## Instructions for the task
Pictures in the records below must be left out. Return exactly the lines from the line with "Astra 2.30ct Lab" to the line with "Lulu’s Fairy Your", both included.

## Task material
------------------------------

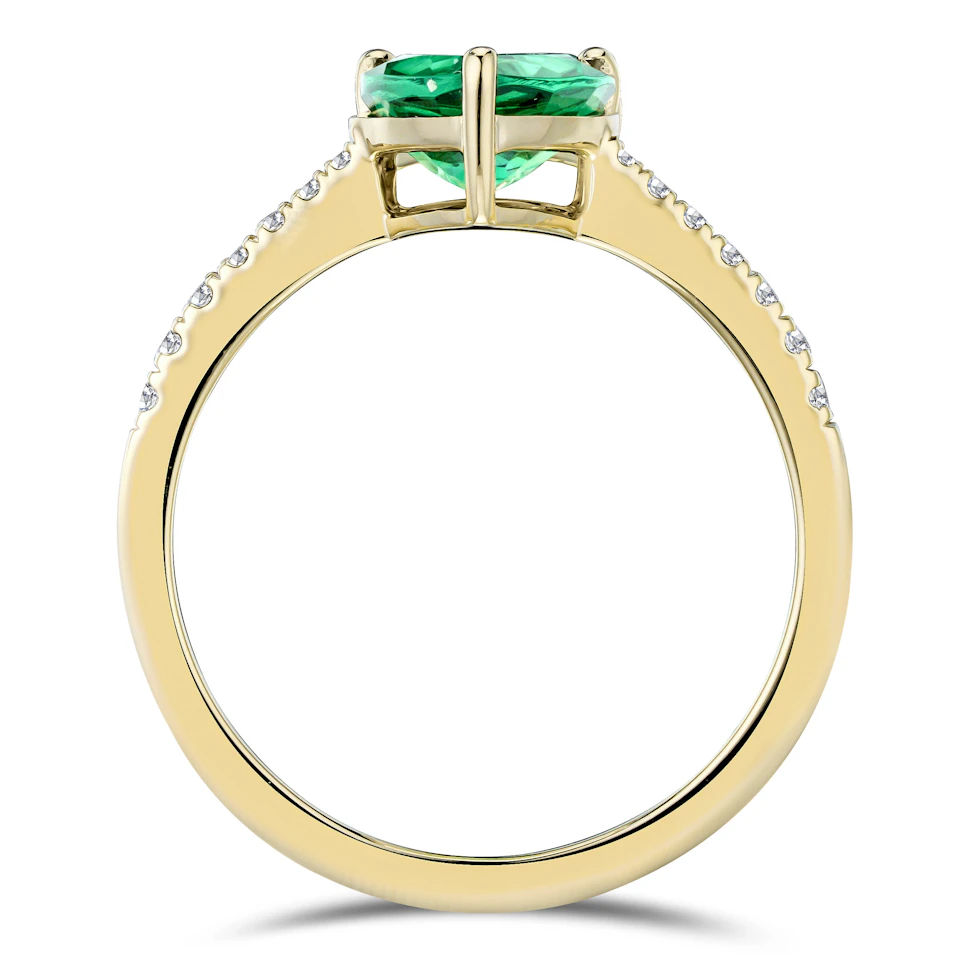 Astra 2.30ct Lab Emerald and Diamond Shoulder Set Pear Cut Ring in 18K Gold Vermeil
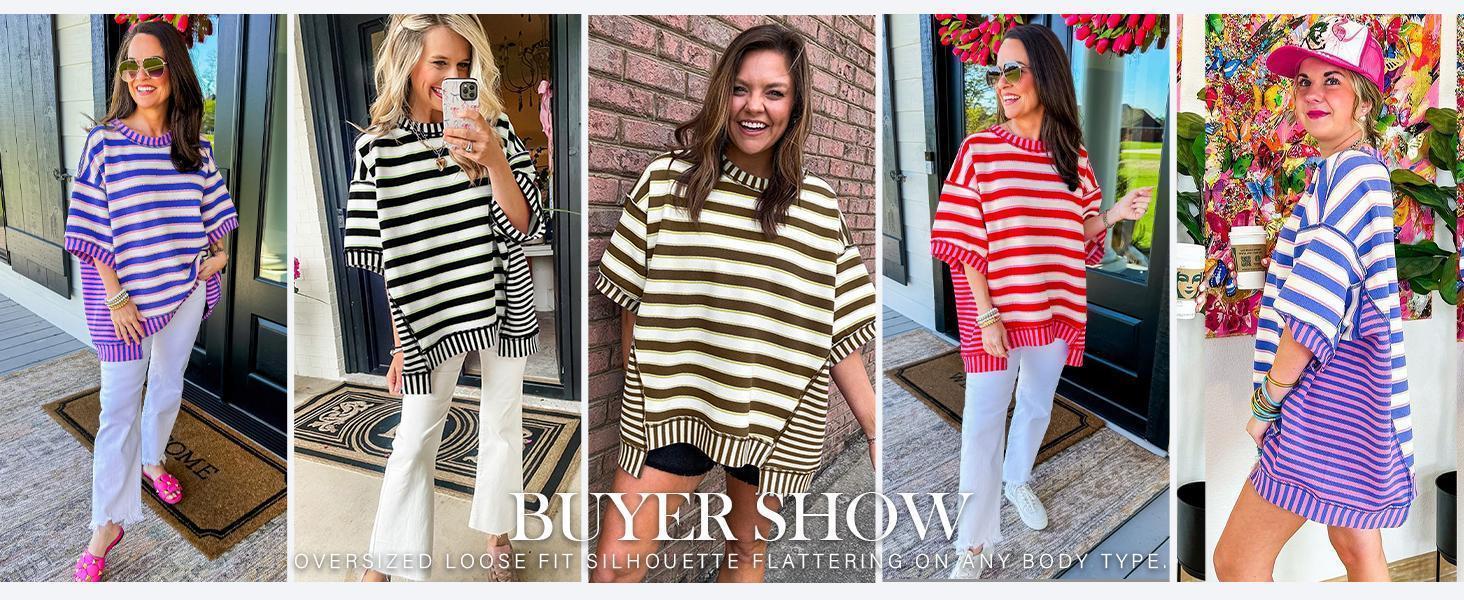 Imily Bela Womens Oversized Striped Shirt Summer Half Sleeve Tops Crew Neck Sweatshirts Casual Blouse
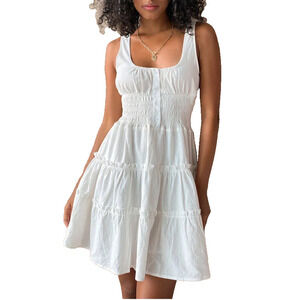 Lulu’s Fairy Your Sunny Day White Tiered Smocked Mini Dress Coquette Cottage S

------------------------------

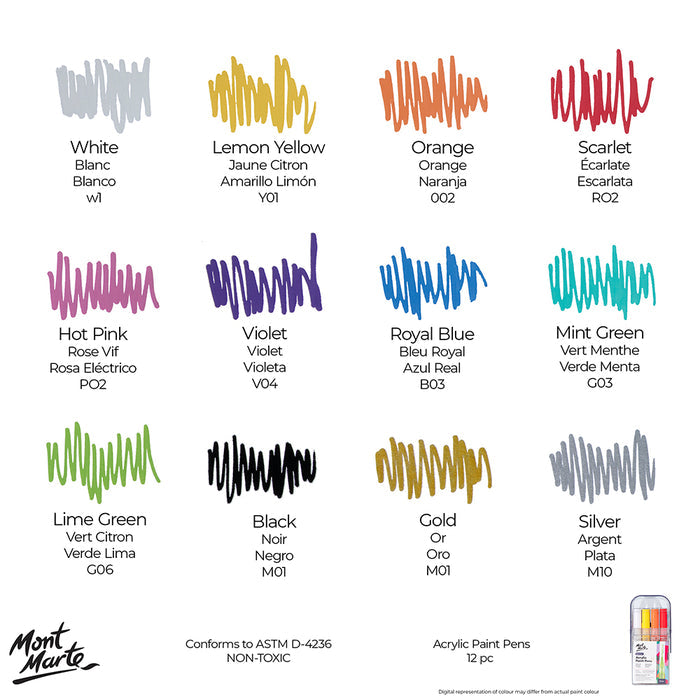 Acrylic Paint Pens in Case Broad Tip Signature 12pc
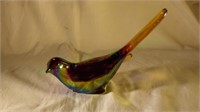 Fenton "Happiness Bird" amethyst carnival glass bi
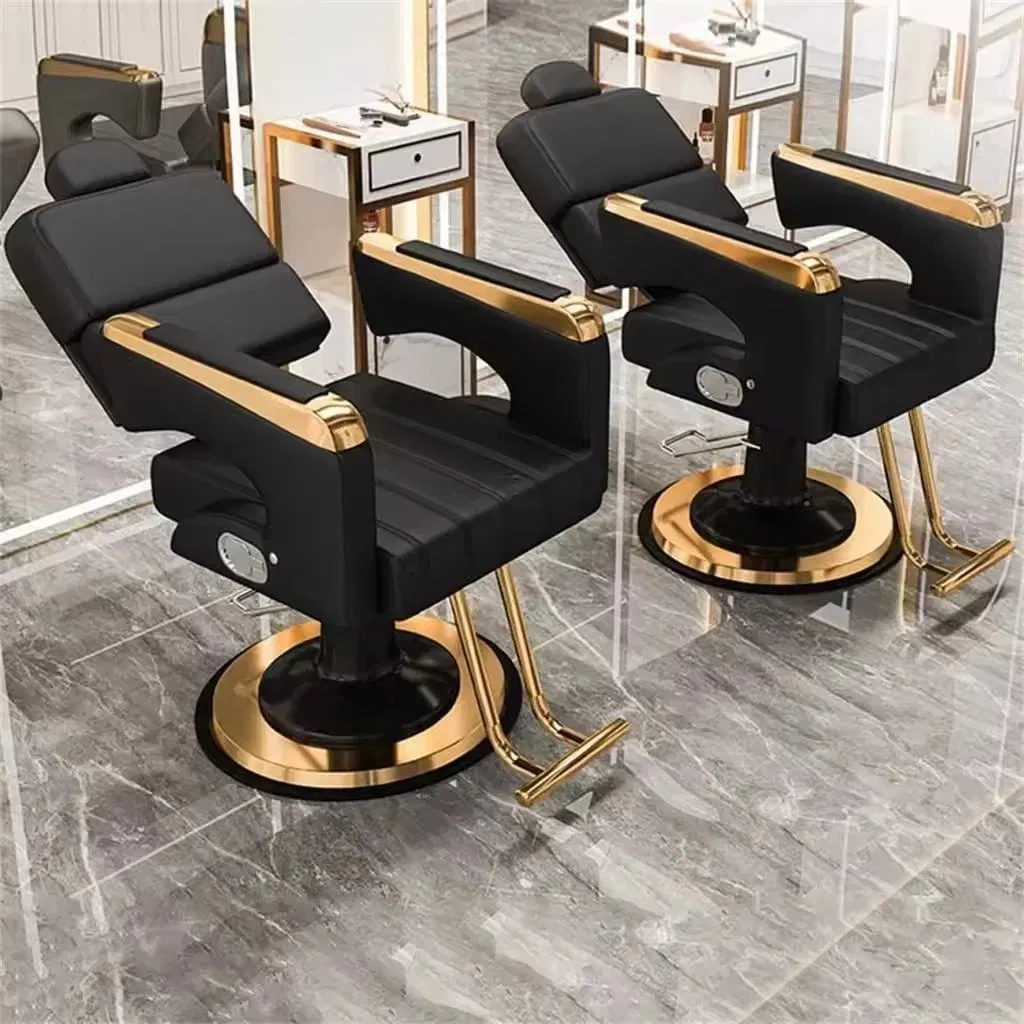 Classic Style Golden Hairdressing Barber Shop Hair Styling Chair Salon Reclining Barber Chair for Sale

------------------------------

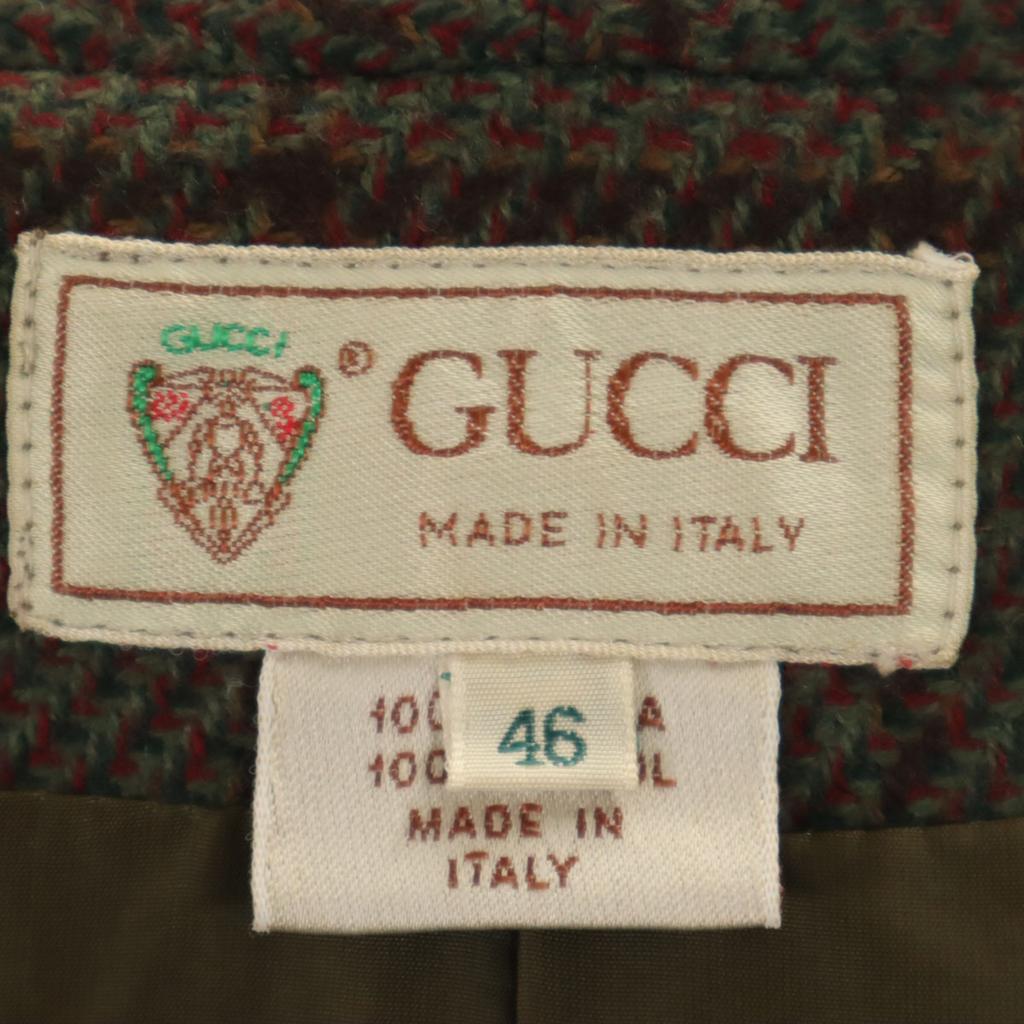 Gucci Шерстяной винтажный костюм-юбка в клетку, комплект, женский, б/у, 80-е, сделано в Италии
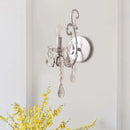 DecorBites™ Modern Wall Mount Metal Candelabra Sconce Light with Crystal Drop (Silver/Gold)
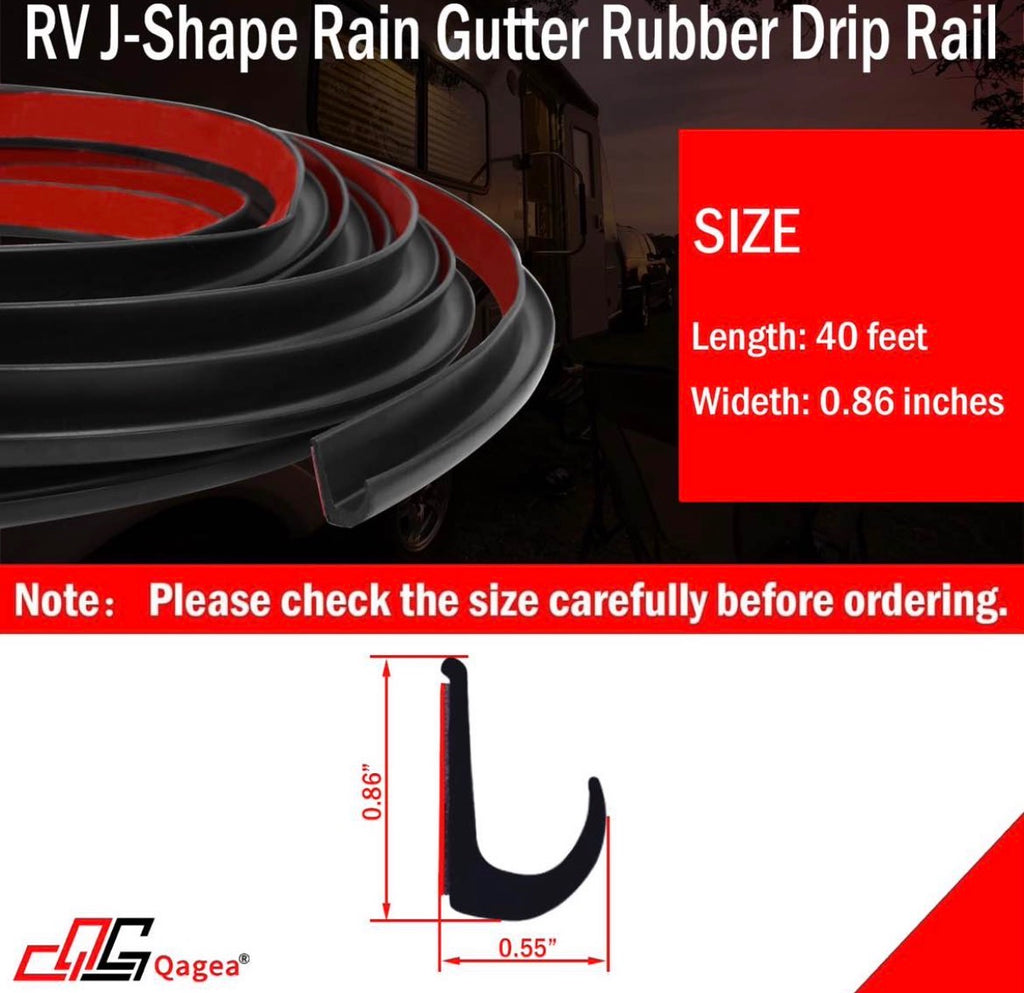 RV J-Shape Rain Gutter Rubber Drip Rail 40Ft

------------------------------

## Solution for this task
 Astra 2.30ct Lab Emerald and Diamond Shoulder Set Pear Cut Ring in 18K Gold Vermeil
 Imily Bela Womens Oversized Striped Shirt Summer Half Sleeve Tops Crew Neck Sweatshirts Casual Blouse
 Lulu’s Fairy Your Sunny Day White Tiered Smocked Mini Dress Coquette Cottage S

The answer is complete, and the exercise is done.